*YOUR OBJECTIVE:*
A word-for-word copy of the data, pictures excluded, is what this task asks for.

*INFORMATION SHOWN:*
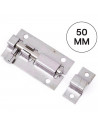 Tradineur - Cerrojo para puerta, pestillo universal, acero inoxidable, pasador de seguridad, fácil colocación mediante tornillos
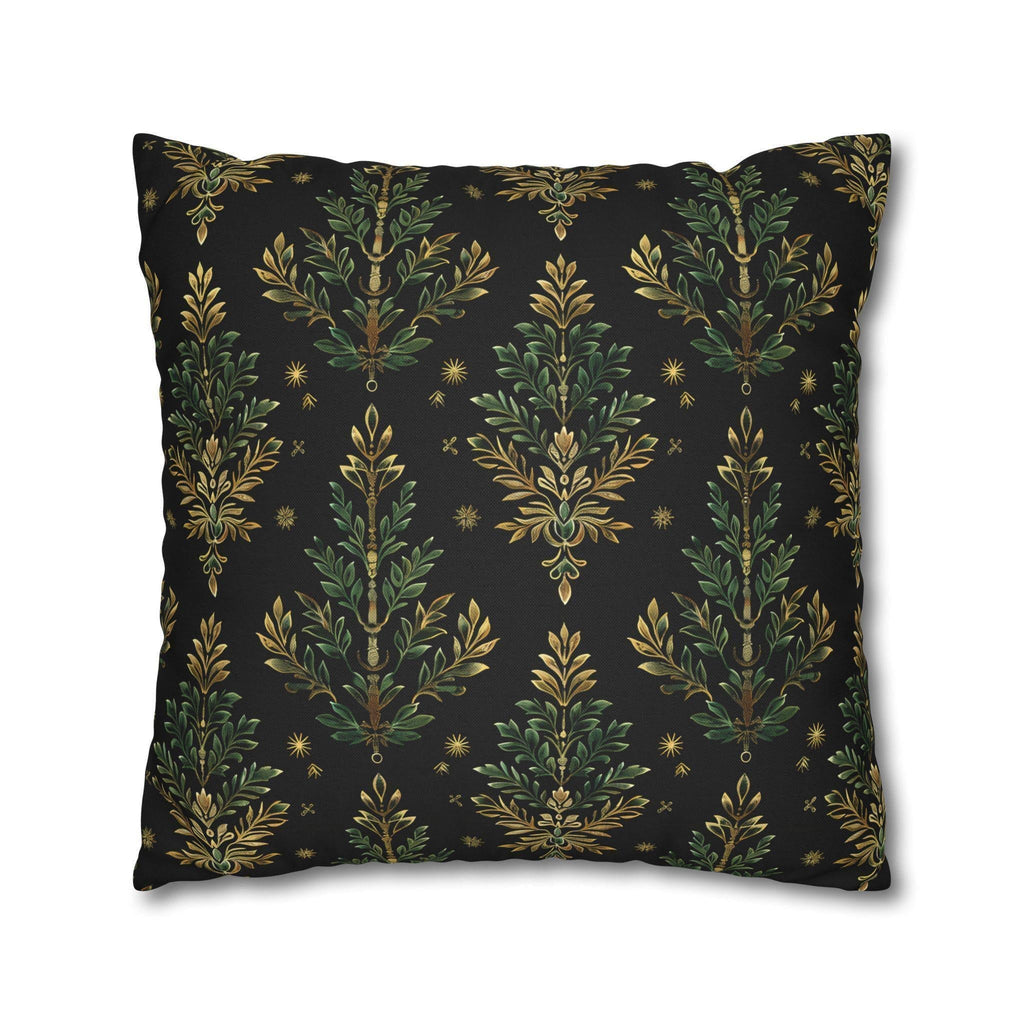 William Morris Christmas Tree Pillow Cover: Gold Botanical Holiday Decor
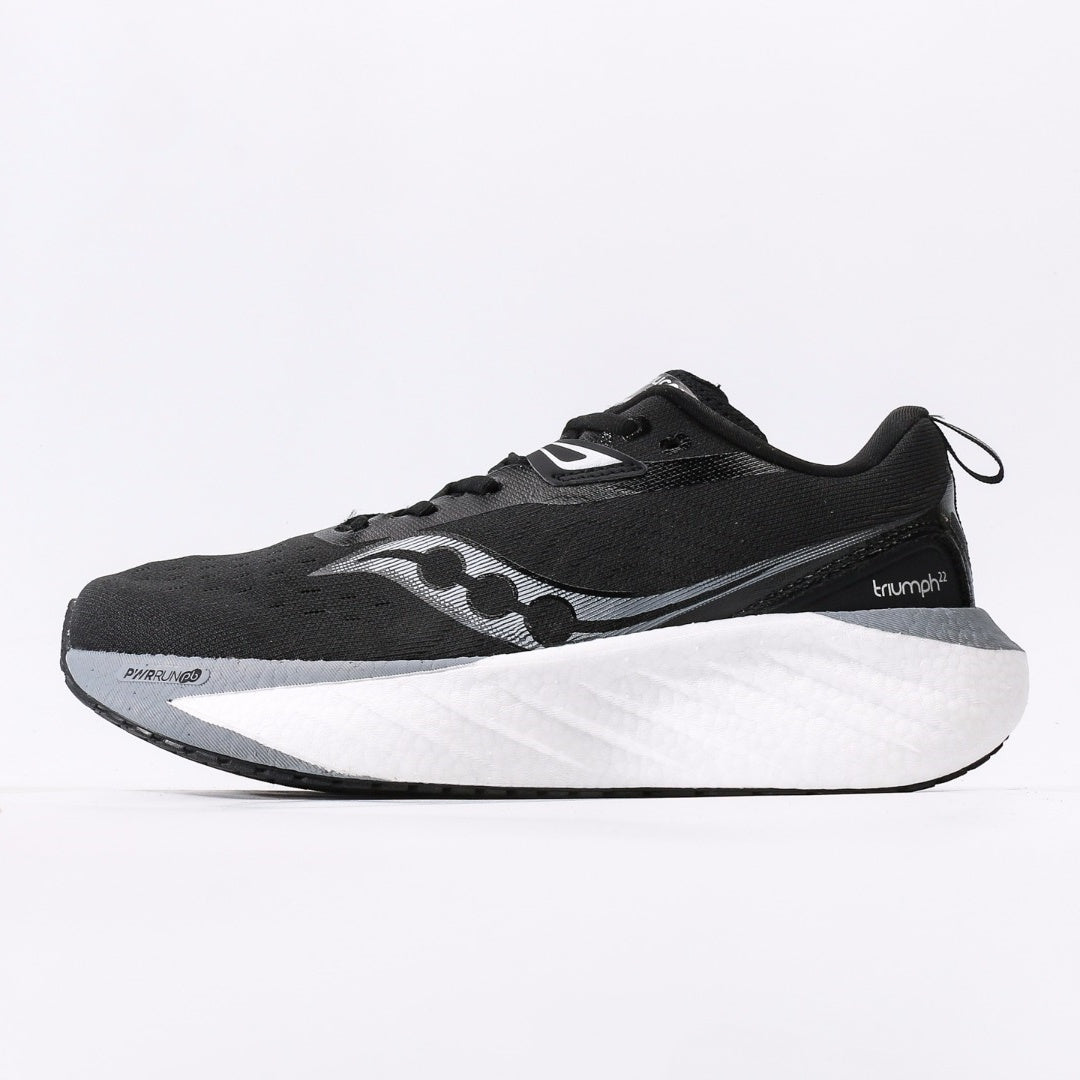 Saucony Triumph 22 Black & White Running Shoes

*OUTPUT FOR THIS TASK:*
 Tradineur - Cerrojo para puerta, pestillo universal, acero inoxidable, pasador de seguridad, fácil colocación mediante tornillos
 William Morris Christmas Tree Pillow Cover: Gold Botanical Holiday Decor
 Saucony Triumph 22 Black & White Running Shoes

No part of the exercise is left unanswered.